Abstract

Background Convincing pregnant women who smoke to give up this behavior is one of the few universally agreed upon methods for improving pregnancy outcomes. An exploratory study was conducted to determine what public and quasi-public facilities serving pregnant women were doing to assist pregnant smokers in quitting, the reasons why more was not being done, and what could be done to increase smoking-cessation services. Methods Questionnaires eliciting information about pregnancy-related smoking prevention activities were mailed to home visitation projects, federally funded Healthy Start programs, CityMatCH members, and maternal and child health units in state health departments with a subsample of local health units. Responses were obtained from 354 programs. Results Only about a quarter of the respondents thought they were doing enough to help pregnant smokers stop or reduce smoking, and most thought that the inadequacy was due to insufficient funds. Only about a quarter offered smoking-cessation classes or clinics. Almost all programs had policies restricting smoking in their offices. The nationally sponsored activity that the respondents felt might be most helpful in increasing their efforts was the provision of materials. Among the 313 programs that included home visits, 86% required the home visitors to conduct a needs assessment, and 97% of those expected the woman’s smoking status to be recorded. Smoking status prior to pregnancy or by other household members was required less often.

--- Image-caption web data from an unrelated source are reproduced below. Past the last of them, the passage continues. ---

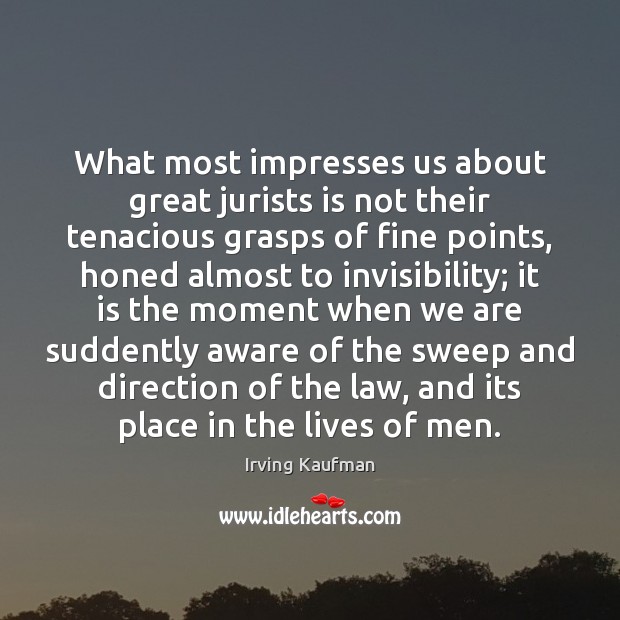 What most impresses us about great jurists is not their tenacious grasps Image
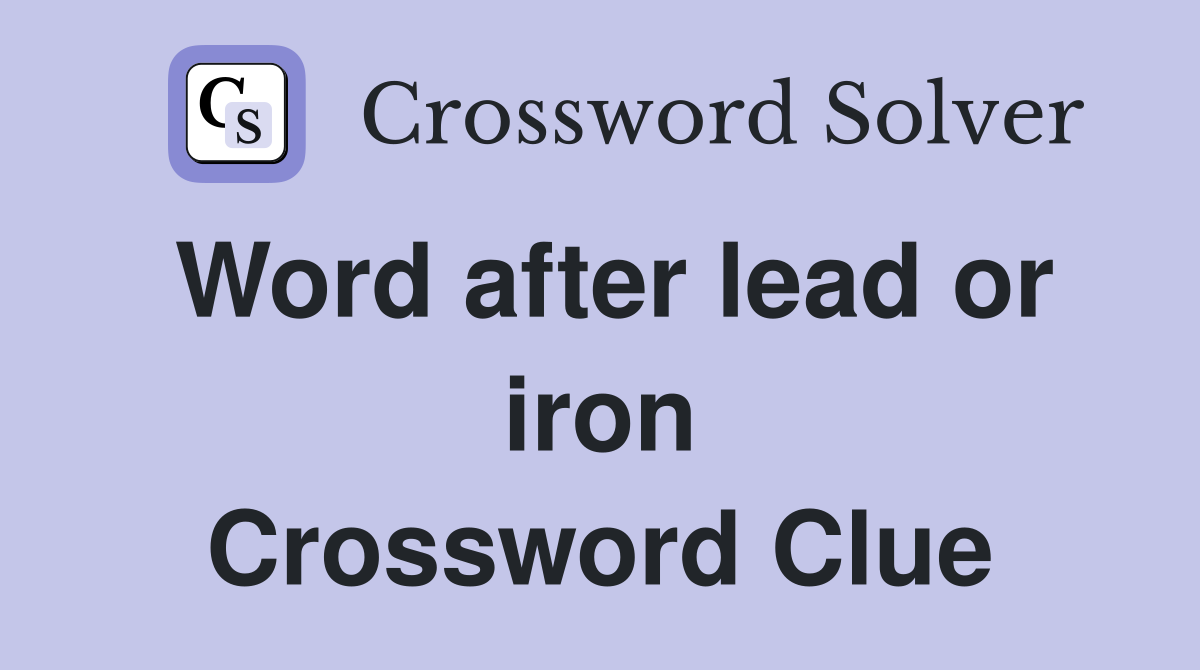 Word after lead or iron Crossword Clue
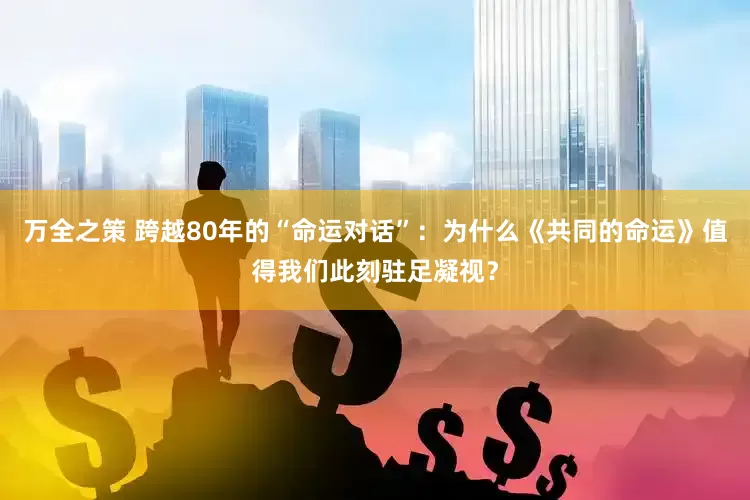 万全之策 跨越80年的“命运对话”：为什么《共同的命运》值得我们此刻驻足凝视？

Less than half of the programs provided training on smoking-cessation/reduction methods to home visitors. Only 28% said smoking-cessation/reduction had a very high priority in comparison to other home visit objectives. Conclusions Programs for pregnant women, including those with a home visit component, do not pay sufficient attention to the problem of smoking among their clients. Programs should make greater use of the evidence-based interventions now available.